Dealing With Errors in Go

There’s a lot to like about Go, and I’ll happily admit being a huge fan of the language. But it will be dishonest of me not to acknowledge that some aspects of programming in Go results in more code than the equivalent in another language. My guess is that the best example of this is how Go programs deal with errors.

For those unfamiliar with how errors work in Go, the short version is that they are just like any other type that you deal with — like strings and integers — and they have no special control structure to handle them in any specific way. This means that, unlike languages that have exceptions, there is nothing like try/catch blocks; you are left with the standard control statements that are available.

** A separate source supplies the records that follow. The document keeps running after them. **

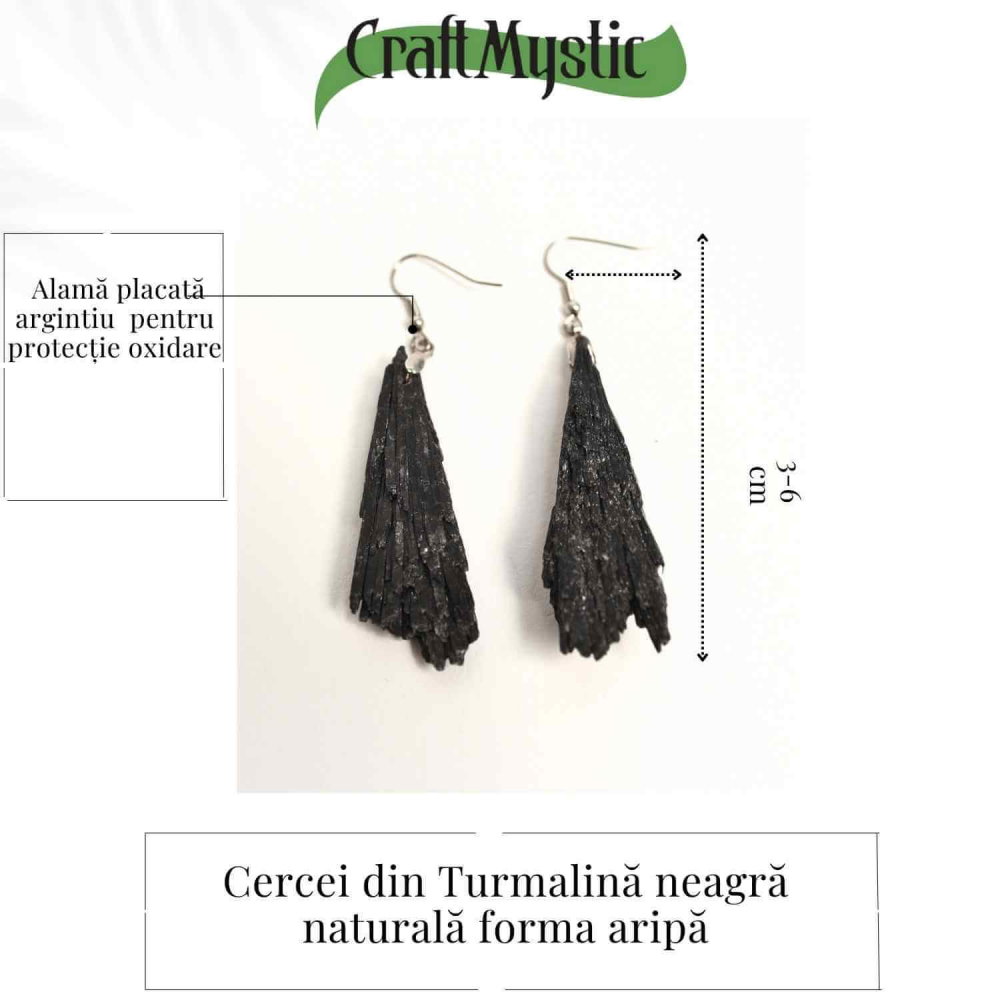 Cercei cu Turmalina Neagra model Aripa – Protectie si Eleganta Naturala [5]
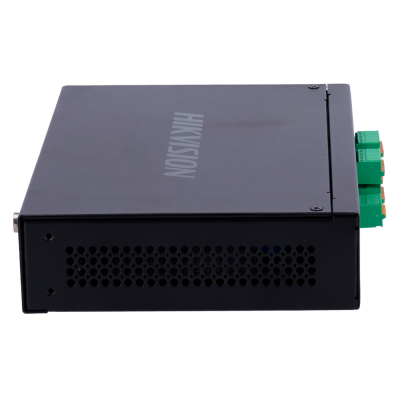 Aparelho electrónico preto com marca HIKVISION e conectores verdes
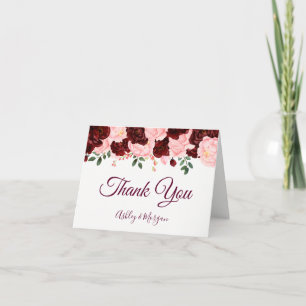 Burgundy & Blush Pink Roses Wedding Thank You Card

The result; you will fall into the practice of having a lot of code that looks like this:

func doStuff() error {
	firstResult, err := doFirstThing()
	if err != nil {
		return err
	}
	
	secondResult, err := doSecondThing(firstResult)
	if err != nil {
		return err
	}
	
	lastResult, err := doOneLastThing(secondResult)
	if err != nil {
		return err
	}
	
	return processResult(lastResult)
}

This is not bad in-and-of-itself, but it does have some shortcomings over the equivalent in languages that use exceptions. The use of an if block after every call to a “do function”1 adds a bit of noise making it harder to separate the happy path from the error handling. And although the code is technically correct — whereby the errors are being handled appropriately — you may come to wonder whether this could be done in a nicer way.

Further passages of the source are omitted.